Maple trees in parts of the GTA threatened by soil-borne fungi
MISSISSAUGA – Stressed and less established trees in parts of the Greater Toronto area are being threatened by soil-borne fungi.
Anita Chakungal shakes her head in bewilderment while looking at her tree-lined street in Mississauga.
For the past few days – stark changes to the maple trees close to her home have had her asking a lot of questions.
“It’s like fall, what’s happening?” she said. “Our trees are dying.”
Arborists with the city of Mississauga confirm the trees have fungal infections, says Gavin Longmuir, a forestry manager with the City of Mississauga. Two of the most likely infections he said are verticillium wilt or anthracnose.
The two infections are soil-borne diseases that are thriving thanks to cool, damp conditions.
“It will have an impact,” Longmuir said before adding “not all of the trees will succumb to these infections.”
The worst of the two fungi, is verticillium wilt, Phil DiFlorio, the manager of a Terra Greenhouse in Milton said, it can kill the tree in a year. Anthracnose, DiFlorio said, is slower moving and can be cut out if only a few branches are affected.
Otherwise, the best line of defence from either infection is to keep trees well watered and fertilized. Residents are also asked to remove fallen leaves and branches and dispose of them, but not in backyard compost.
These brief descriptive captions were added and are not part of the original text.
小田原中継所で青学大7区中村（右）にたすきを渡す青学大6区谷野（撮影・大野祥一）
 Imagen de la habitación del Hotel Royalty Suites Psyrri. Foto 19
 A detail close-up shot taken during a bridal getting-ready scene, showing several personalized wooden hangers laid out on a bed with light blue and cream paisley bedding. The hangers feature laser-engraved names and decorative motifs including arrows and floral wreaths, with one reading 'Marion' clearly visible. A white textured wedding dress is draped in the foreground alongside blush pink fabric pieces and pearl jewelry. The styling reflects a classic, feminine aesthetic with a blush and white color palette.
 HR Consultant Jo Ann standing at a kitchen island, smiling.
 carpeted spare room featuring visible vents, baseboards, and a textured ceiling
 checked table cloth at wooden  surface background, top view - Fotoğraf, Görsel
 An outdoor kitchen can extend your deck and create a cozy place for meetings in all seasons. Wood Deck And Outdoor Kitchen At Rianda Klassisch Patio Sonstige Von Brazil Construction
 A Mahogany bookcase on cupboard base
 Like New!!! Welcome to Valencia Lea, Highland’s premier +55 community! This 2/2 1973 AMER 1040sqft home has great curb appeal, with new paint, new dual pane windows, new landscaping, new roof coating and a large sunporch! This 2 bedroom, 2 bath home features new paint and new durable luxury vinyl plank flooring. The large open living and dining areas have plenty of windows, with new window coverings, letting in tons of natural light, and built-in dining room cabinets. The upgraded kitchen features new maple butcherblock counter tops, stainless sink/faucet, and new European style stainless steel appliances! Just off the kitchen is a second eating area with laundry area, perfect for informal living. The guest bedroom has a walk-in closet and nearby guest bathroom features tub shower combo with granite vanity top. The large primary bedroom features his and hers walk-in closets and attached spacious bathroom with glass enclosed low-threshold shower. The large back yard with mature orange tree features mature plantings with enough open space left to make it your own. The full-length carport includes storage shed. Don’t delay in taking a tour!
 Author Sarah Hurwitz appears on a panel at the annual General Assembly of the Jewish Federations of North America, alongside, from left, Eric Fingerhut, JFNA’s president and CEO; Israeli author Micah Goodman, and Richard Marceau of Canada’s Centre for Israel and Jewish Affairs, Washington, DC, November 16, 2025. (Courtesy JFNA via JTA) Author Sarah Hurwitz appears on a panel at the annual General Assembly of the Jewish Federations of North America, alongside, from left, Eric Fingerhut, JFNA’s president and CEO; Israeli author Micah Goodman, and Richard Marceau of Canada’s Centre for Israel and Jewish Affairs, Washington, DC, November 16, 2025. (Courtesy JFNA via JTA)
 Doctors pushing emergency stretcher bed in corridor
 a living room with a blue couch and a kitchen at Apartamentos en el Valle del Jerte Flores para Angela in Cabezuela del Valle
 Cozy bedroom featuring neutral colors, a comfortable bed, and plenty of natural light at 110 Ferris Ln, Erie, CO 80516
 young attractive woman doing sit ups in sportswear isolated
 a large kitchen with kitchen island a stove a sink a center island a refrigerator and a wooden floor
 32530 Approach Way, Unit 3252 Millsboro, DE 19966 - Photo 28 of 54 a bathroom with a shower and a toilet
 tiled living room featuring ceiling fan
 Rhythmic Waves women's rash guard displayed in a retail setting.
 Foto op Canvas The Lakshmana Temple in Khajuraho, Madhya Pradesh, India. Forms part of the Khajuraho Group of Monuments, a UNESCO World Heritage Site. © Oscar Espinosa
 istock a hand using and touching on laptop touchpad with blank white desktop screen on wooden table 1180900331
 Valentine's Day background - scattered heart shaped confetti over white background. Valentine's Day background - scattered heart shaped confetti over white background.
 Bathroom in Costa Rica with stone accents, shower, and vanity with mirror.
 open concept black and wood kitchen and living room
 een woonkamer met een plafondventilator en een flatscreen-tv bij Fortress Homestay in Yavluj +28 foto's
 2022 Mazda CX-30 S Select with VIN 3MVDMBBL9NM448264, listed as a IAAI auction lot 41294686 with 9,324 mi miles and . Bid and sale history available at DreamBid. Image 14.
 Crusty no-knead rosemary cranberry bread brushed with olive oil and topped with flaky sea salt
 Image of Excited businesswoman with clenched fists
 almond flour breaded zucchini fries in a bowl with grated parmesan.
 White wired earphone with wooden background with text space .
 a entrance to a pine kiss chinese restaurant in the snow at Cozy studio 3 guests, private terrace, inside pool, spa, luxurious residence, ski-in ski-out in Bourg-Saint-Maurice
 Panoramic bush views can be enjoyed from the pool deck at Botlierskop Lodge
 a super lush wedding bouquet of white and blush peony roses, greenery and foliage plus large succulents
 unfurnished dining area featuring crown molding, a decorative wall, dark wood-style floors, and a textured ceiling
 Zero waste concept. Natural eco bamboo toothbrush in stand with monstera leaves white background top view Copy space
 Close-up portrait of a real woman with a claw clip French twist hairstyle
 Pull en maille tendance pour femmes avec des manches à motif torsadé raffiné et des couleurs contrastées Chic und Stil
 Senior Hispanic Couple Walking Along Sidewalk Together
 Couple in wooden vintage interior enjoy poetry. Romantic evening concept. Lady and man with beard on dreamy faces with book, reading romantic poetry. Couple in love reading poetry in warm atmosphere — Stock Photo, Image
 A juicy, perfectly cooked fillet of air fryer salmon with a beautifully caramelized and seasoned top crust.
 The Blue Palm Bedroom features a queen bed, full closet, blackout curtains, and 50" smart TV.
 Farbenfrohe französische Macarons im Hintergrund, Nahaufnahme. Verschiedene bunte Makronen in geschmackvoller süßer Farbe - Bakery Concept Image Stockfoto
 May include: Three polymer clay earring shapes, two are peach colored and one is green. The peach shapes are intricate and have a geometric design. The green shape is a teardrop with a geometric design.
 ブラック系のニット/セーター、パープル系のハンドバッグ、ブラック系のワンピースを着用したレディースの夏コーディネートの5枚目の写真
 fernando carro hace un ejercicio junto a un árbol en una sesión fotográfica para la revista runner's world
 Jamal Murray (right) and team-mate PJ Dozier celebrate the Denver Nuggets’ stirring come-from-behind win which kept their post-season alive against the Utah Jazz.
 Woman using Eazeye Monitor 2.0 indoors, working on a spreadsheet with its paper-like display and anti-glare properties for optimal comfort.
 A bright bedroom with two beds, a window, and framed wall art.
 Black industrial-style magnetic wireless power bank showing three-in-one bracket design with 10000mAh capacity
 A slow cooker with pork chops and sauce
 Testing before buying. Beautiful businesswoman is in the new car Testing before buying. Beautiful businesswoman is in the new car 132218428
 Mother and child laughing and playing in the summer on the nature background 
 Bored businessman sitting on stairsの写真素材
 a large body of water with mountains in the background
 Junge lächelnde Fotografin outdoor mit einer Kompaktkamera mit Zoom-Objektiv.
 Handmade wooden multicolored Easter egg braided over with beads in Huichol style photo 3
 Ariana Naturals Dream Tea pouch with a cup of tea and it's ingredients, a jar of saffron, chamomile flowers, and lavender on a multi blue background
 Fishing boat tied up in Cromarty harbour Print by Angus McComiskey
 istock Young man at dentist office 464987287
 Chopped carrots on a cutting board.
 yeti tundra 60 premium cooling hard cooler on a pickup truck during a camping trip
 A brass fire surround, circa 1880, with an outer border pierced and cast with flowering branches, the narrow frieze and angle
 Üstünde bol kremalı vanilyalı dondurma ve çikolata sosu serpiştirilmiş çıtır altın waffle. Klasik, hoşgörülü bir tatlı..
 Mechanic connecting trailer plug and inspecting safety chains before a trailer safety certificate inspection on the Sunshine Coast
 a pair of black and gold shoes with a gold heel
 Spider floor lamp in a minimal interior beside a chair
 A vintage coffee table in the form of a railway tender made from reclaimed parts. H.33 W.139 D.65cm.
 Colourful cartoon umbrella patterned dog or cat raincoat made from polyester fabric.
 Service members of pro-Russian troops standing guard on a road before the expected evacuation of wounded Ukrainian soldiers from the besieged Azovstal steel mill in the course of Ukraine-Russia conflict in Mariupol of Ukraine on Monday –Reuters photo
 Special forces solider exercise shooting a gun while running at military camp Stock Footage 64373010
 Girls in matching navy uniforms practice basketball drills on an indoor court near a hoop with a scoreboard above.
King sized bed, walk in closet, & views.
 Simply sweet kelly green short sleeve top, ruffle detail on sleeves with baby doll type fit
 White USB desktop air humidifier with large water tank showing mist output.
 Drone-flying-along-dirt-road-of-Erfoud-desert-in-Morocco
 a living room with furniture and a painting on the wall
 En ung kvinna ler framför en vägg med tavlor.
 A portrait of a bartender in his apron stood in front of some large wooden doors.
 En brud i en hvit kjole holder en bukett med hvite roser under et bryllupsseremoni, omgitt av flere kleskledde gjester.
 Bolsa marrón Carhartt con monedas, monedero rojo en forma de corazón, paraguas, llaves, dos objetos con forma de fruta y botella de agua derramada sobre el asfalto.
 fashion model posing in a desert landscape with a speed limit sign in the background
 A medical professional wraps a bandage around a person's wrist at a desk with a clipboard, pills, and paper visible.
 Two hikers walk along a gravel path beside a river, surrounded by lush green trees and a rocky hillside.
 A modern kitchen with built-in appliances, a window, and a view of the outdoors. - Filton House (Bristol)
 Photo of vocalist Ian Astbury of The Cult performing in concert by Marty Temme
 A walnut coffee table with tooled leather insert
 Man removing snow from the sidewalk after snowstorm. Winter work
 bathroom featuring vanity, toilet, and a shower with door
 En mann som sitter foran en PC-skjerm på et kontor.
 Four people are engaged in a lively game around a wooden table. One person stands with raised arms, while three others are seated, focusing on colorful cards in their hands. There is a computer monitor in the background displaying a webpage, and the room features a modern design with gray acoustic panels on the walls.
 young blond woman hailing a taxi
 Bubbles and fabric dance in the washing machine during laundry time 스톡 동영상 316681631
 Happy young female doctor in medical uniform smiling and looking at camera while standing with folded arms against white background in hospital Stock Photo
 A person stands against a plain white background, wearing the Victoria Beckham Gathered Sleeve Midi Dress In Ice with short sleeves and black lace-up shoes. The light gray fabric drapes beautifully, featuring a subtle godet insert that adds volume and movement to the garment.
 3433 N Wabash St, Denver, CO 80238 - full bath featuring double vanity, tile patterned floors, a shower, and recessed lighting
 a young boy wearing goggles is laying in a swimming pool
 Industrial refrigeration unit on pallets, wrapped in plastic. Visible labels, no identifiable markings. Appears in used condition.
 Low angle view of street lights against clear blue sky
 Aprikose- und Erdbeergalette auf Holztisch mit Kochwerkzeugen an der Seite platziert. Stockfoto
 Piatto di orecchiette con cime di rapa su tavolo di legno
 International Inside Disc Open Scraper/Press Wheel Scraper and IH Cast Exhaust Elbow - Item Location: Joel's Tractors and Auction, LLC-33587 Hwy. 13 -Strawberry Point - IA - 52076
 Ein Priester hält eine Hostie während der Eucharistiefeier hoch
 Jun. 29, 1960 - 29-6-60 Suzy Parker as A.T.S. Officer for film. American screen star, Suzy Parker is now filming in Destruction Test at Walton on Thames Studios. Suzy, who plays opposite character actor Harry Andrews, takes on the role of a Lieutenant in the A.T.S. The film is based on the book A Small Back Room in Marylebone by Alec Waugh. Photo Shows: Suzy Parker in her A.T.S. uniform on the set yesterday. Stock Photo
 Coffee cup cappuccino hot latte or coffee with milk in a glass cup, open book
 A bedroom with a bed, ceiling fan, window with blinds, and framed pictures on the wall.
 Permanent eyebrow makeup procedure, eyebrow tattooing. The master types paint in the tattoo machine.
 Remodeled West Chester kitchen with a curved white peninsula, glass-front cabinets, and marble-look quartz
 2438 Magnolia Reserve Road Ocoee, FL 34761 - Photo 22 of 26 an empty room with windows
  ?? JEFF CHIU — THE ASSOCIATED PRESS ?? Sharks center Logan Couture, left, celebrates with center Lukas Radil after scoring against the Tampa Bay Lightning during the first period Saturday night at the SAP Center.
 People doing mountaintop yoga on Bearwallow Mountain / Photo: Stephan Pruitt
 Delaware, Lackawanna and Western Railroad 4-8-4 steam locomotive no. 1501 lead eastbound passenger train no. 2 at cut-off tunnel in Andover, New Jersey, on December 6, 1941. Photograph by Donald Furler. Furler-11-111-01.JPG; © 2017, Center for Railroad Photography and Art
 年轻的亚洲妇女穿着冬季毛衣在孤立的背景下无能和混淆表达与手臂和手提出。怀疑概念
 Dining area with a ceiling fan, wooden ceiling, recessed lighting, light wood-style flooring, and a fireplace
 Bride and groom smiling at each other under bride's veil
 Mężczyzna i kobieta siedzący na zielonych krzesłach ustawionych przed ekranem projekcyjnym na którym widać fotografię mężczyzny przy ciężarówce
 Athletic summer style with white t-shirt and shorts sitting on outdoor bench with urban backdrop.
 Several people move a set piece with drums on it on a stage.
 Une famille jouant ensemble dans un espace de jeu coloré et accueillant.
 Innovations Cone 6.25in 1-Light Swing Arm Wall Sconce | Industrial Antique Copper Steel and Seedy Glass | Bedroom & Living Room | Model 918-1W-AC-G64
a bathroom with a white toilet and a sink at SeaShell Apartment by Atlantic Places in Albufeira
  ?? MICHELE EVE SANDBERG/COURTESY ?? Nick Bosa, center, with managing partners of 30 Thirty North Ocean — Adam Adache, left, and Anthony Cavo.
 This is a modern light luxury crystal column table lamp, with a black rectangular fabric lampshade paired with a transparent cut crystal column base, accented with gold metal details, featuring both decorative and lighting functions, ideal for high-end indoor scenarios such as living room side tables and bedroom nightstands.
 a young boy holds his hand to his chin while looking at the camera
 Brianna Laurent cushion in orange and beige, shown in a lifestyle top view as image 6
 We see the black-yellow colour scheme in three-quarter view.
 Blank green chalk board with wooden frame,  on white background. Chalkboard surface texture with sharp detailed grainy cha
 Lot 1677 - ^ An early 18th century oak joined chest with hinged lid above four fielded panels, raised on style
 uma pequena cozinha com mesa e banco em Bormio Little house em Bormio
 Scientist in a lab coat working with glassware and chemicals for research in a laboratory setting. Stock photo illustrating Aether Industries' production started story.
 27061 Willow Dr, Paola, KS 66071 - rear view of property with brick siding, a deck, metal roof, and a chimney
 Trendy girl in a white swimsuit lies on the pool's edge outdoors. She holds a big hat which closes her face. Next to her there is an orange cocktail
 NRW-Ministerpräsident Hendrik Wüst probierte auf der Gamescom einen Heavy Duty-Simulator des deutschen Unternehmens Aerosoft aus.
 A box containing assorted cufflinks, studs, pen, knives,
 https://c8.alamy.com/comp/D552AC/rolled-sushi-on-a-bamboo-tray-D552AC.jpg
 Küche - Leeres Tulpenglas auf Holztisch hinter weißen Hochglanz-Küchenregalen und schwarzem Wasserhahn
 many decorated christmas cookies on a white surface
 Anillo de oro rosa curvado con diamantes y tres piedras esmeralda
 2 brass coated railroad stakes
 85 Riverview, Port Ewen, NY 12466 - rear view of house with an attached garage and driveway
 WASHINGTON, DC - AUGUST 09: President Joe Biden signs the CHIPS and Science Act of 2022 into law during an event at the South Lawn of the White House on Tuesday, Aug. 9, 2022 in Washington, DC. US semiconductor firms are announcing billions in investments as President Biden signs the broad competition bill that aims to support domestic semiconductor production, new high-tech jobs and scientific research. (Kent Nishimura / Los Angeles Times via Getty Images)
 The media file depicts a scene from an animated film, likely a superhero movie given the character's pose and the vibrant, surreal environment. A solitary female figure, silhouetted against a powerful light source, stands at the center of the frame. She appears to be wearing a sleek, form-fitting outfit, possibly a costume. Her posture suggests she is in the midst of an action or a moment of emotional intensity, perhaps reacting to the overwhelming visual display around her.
The leaves themselves carry the spores so permanent disposal is needed to prevent spreading.
Since the fungi are soil-borne, there is no way to be totally rid of it because a lot of trees become infected when they are planted, Longmuir said.
Longmuir places some blame on a poor soil base in new subdivisions.
“These trees don’t get the soil volume they require,” he said. “The roots can’t establish themselves.”
That leads to weaker trees, which aren’t able to fight off any potential illness, including the fungal spores.
In the city of Mississauga, residents can call 311, to request an inspection of trees on city property and forestry staff will assess the tree and its viability.
“If the trees are not going to be viable and they’re not going to survive, we would replace them with a different species,” Longmuir said, adding oak, hackberry, honey locust and other varieties are likely candidates because they aren’t as likely to fall prey to the same disease.
The priority for the city of Mississauga however is remediation, Longmuir said. Staff may trim, fertilize and water the tree to try to save it before it is declared dead. If a tree doesn’t survive, Longmuir says a replacement could take a year or more.